Actually, it needs to fail if PME cannot be signaled from the target
state and the device is not power-manageable by the platform.

A better idea may be to make pci_pme_capable() also check if the
parent bridge can go into D3cold and return "true" if so and "state"
is D3hot while PME signaling from D3cold is supported.
Rafael J. Wysocki July 8, 2021, 1:20 p.m. UTC | #5
On Thursday, July 8, 2021 2:39:49 PM CEST Rafael J. Wysocki wrote:
> On Thu, Jul 8, 2021 at 2:18 PM Rafael J. Wysocki <rafael@kernel.org> wrote:
> >
> > On Wed, Jul 7, 2021 at 11:57 PM Bjorn Helgaas <helgaas@kernel.org> wrote:
> > >
> > > On Thu, Jun 17, 2021 at 03:36:53PM +0300, Mika Westerberg wrote:
> > > > Some PCIe devices only support PME (Power Management Event) from D3cold.
> > > > One example is ASMedia xHCI controller:
> > > >
> > > > 11:00.0 USB controller: ASMedia Technology Inc. ASM1042A USB 3.0 Host Controller (prog-if 30 [XHCI])
> > > >   ...
> > > >   Capabilities: [78] Power Management version 3
> > > >         Flags: PMEClk- DSI- D1- D2- AuxCurrent=55mA PME(D0-,D1-,D2-,D3hot-,D3cold+)

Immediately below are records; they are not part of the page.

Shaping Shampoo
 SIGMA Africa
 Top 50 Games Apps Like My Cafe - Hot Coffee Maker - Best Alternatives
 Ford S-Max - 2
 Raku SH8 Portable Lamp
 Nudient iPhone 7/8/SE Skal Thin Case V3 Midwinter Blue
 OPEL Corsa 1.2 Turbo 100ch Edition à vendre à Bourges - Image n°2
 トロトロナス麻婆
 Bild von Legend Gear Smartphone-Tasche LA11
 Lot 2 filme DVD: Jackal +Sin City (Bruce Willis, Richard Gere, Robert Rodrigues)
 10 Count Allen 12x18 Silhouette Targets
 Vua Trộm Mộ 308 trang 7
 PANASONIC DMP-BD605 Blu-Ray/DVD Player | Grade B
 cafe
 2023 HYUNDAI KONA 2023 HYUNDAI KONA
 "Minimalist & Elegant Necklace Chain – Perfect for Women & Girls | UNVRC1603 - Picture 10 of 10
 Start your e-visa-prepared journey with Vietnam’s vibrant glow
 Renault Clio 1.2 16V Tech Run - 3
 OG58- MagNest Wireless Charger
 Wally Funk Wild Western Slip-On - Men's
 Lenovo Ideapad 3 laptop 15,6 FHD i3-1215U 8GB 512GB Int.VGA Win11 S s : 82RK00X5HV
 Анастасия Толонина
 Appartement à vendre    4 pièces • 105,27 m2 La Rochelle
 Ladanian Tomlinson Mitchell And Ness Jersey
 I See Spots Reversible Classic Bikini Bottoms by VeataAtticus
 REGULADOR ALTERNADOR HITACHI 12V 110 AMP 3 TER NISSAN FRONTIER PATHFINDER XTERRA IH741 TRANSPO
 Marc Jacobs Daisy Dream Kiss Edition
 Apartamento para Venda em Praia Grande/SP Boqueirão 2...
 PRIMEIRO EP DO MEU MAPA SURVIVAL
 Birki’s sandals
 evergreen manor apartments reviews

> > > >         Status: D0 NoSoftRst+ PME-Enable- DSel=0 DScale=0 PME-
> > > >
> > > > With such devices, if it has wake enabled, the kernel selects lowest
> > > > possible power state to be D0 in pci_target_state(). This is problematic
> > > > because it prevents the root port it is connected to enter low power
> > > > state too which makes the system consume more energy than necessary.
> > >
> > > IIUC this is because the loop that checks which states support PME
> > > starts with D3hot and doesn't even look at D3cold.
> >
> > That's because the device itself cannot be programmed into D3cold, so
> > the target state cannot be D3cold for it.
> >
> > > > The problem in pci_target_state() is that it only accounts the "current"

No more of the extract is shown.